Last year Kim travelled to China three times to meet with Chinese President Xi Jinping, before and after Kim held other summits with US President Donald Trump and South Korean President Moon Jae-in.
North Korean leader Kim Jong-un arrived in Beijing on Tuesday on an unannounced visit for talks with President Xi Jinping, as preparations ramp up for an expected second summit with Donald Trump.
South Korea's Hankyoreh newspaper, citing an unidentified source with close knowledge of North Korea-China affairs, reported that Kim was travelling to Beijing late on Monday to meet with Xi.
A motorcade was seen leaving a Beijing train station, with police blocking a street with metal gates hours after Kim's train crossed the border into northern China, according to AFP journalists.
The source told Yonhap it had not been confirmed whether a senior official was on board, but that dozens of security vehicles and officials had blocked the roads around a station in the Chinese border city of Dandong as the train passed.
TRT World spoke to journalist Patrick Fok in Hong Kong for more.
Last year, Kim travelled to China three times to meet with Xi, before and after Kim held other summits with US President Donald Trump and South Korean President Moon Jae-in.
Kim is expected to meet again with both the US and South Korean presidents in the near future, and another visit to China has been seen as a possible move before those summits.
Earlier on Monday the South Korean newspaper Munhwa Ilbo reported that US State Department officials recently met multiple times with North Korean counterparts in Hanoi and discussed planning a second summit between Trump and Kim, fuelling speculation that Vietnam could host the event.
The US State Department and White House declined to comment on the Munhwa Ilbo report and the State Department referred queries about Kim's reported China visit to the Chinese government.
In an interview with CNBC, US Secretary of State Mike Pompeo praised China's support for resolving the North Korean crisis and said he did not think the US trade dispute with Beijing would affect this.
"The Chinese have been very clear to us that these are separate issues," Pompeo said.
"Their behavior has demonstrated that as well and we appreciate that. China has actually been a good partner in our efforts to reduce the risk to the world from North Korea’s nuclear capability; I expect they will continue to do so."

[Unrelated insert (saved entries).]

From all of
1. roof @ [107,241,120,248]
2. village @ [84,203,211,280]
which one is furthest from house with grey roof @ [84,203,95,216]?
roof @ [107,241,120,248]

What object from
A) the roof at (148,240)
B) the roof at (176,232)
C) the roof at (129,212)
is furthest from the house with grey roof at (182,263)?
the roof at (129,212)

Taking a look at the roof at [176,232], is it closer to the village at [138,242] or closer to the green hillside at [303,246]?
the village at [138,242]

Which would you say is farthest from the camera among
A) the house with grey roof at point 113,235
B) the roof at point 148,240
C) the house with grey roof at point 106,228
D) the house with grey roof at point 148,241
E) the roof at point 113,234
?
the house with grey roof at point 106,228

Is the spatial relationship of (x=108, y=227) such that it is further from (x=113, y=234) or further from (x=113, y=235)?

At a landmark June summit in Singapore, Kim and Trump pledged to work towards denuclearisation, but the pact was light on details and talks since have made little headway.
China is North Korea’s most important economic and diplomatic backer, despite anger over its neighbour’s nuclear and missile programmes. Ties have warmed in the last year as Pyongyang’s relations with both Seoul and Washington have also improved.
China also played a role in Trump's meeting with Kim, lending the North Korean leader an airliner for his trip to Singapore.
Diplomatic sources say Xi will probably go to North Korea at some point soon, which would make him the first Chinese leader to do so since 2005.
In early December, Xi told North Korea's foreign minister during a visit in Beijing that he "hoped North Korea and the United States meet each other halfway and address each other’s reasonable concerns, allowing positive progress on the peninsula’s nuclear talks."